For the record, I play a NE captain who's a cannibal. He is a ruthless, avaricious man who disregards the lives he ruins to fulfill his goals and only cares for his own progress. The closest thing to a virtue he has is that he takes very good care of his crew and allies and even considers a few (the other players) "friends" (not that that would keep him from killing them if they became way more trouble than they're worth with a clean and unrepentant conscience. Still evil, after all.).

That said, even he would find this sort of thing grossly reprehensible. For one, it is neither smart nor practical to try to secretly feed your crew living humanoid. Not everyone is a worshiper of Urgathoa and not everyone holds the belief that, viewed scientifically, meat is meat regardless of the animal it comes from. Second of all, in the grand political scheme of things, word of this WILL get out to the rest of the Shackles, and while it'll make for a fierce reputation, it might make allies like Tessa FAR less willing to turn to that particular ship for aid.

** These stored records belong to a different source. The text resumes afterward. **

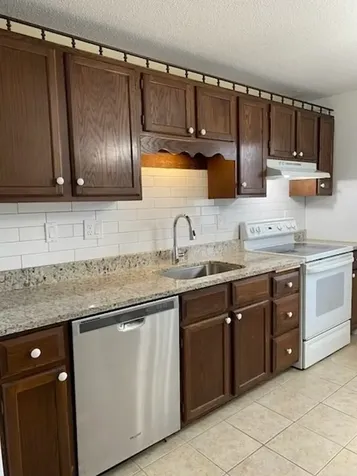 12 Cutter Street Waltham MA 02453
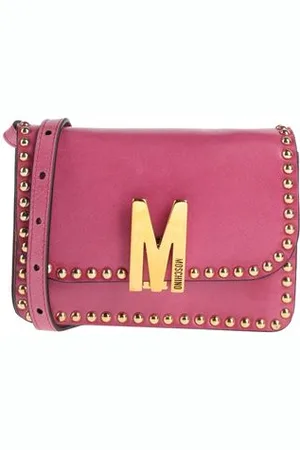 Moschino BOLSOS - Bolsos con bandolera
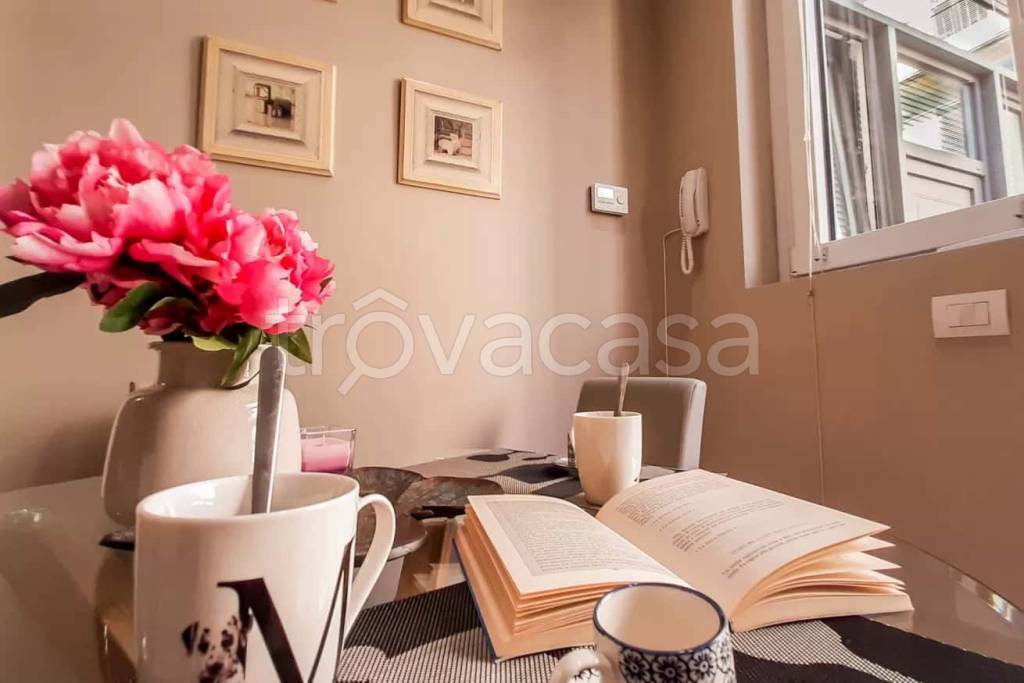 immagine annuncio 5 di 13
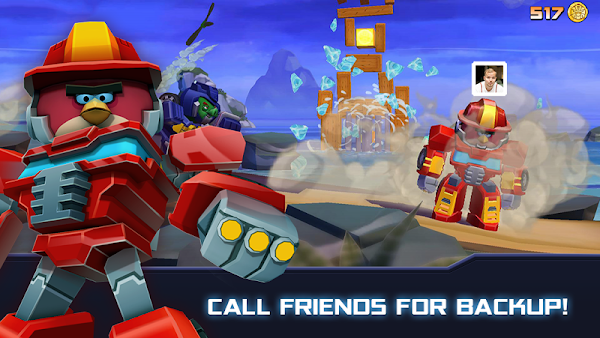 angry-birds-transformers-mod-apk-free angry-birds-transformers-mod-apk-free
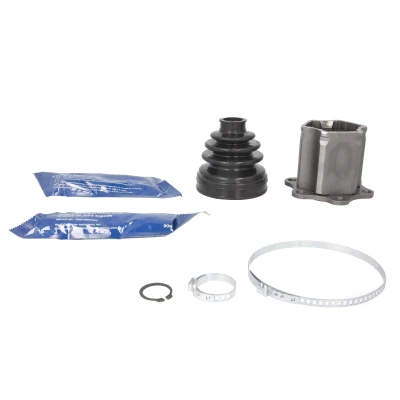 Afbeelding van Homokineet reparatie set, aandrijfas MEYLE 100 498 0209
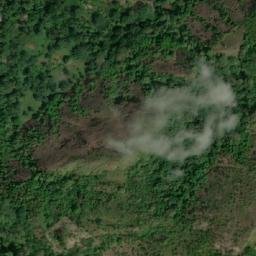 Satellite imagery of Loma Rucia, CO
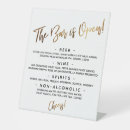 Search for non alcoholic drinks Cocktails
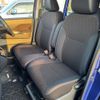 mitsubishi ek-sport 2022 -MITSUBISHI--ek X Space 5AA-B34A--B34A-0104335---MITSUBISHI--ek X Space 5AA-B34A--B34A-0104335- image 5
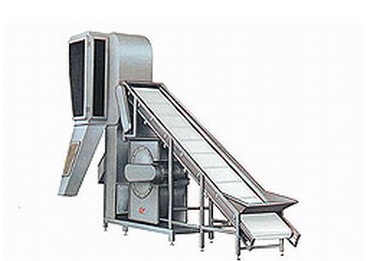 滚杠式捡果机,滚杠式拣果机,滚杠式选果机,水果挑选机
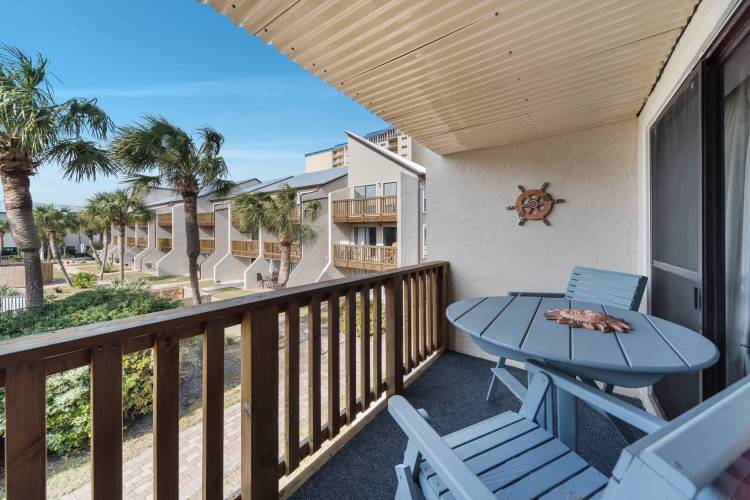 Maximize your Beach Condo Bookings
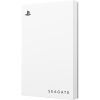 Внешний жесткий диск 2.5" 2TB Game Drive for PlayStation 5 Seagate (STLV2000201) изображение 3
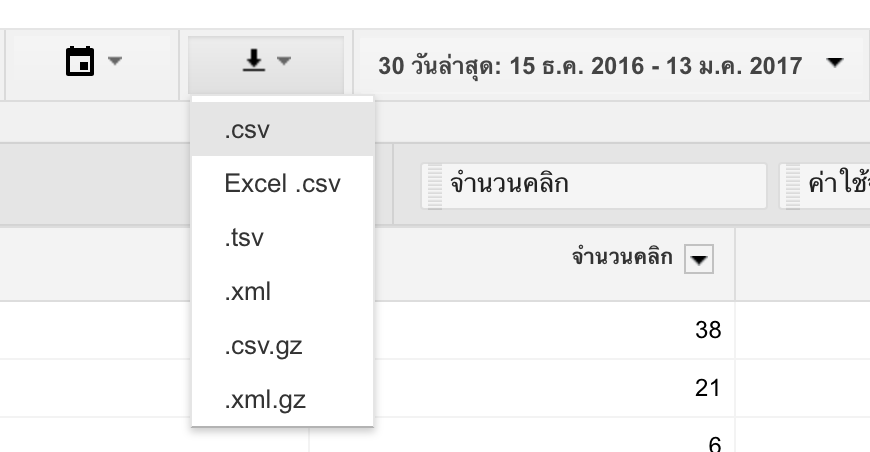 google-adword-export-csv-1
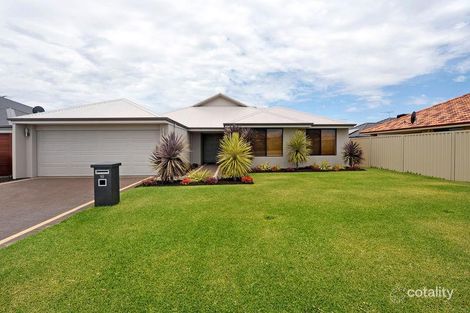 19 Springdale Bvd, Secret Harbour, WA 6173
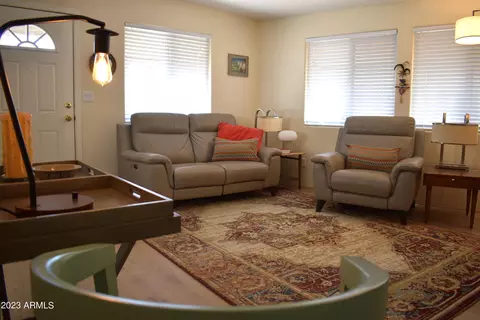 2240 W San Juan Cir, Apache Junction, AZ 85119 photo 29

Lastly, unless the players are particularly good at disassociating in-character with out-of-character (and even then are ok with such dark and horrifying attributes being included in the game - which CAN make for an impressive story, mind you, but require a good deal of maturity to pull off), you're going to see a lot of very bad drama.

Supporting a cannibalistic lifestyle and keeping it tolerated by the crew requires two things: honesty and reward. The orc in question is not being honest nor is he being particularly charitable to the crew ("fresh meat" meals notwithstanding) and, as vikingson's reasoning presents, will inevitably be discovered. Once he is, he'll be readily mutinied against and keelhauled or worse.

As far as the curse of the wendigo or ghoul fever are concerned, there's no real risk of it for them. The wendigo curse is incurred by the guilt and darkness caused when someone, due to harsh environments, is forced to cannibalize another (and go insane from the act). Ghoul fever is an actual disease, and unless whatever the person is eating carries it, they aren't in danger of contracting it, though spiritual affliction of it or a supernatural degradation into one is purely up to GM discretion.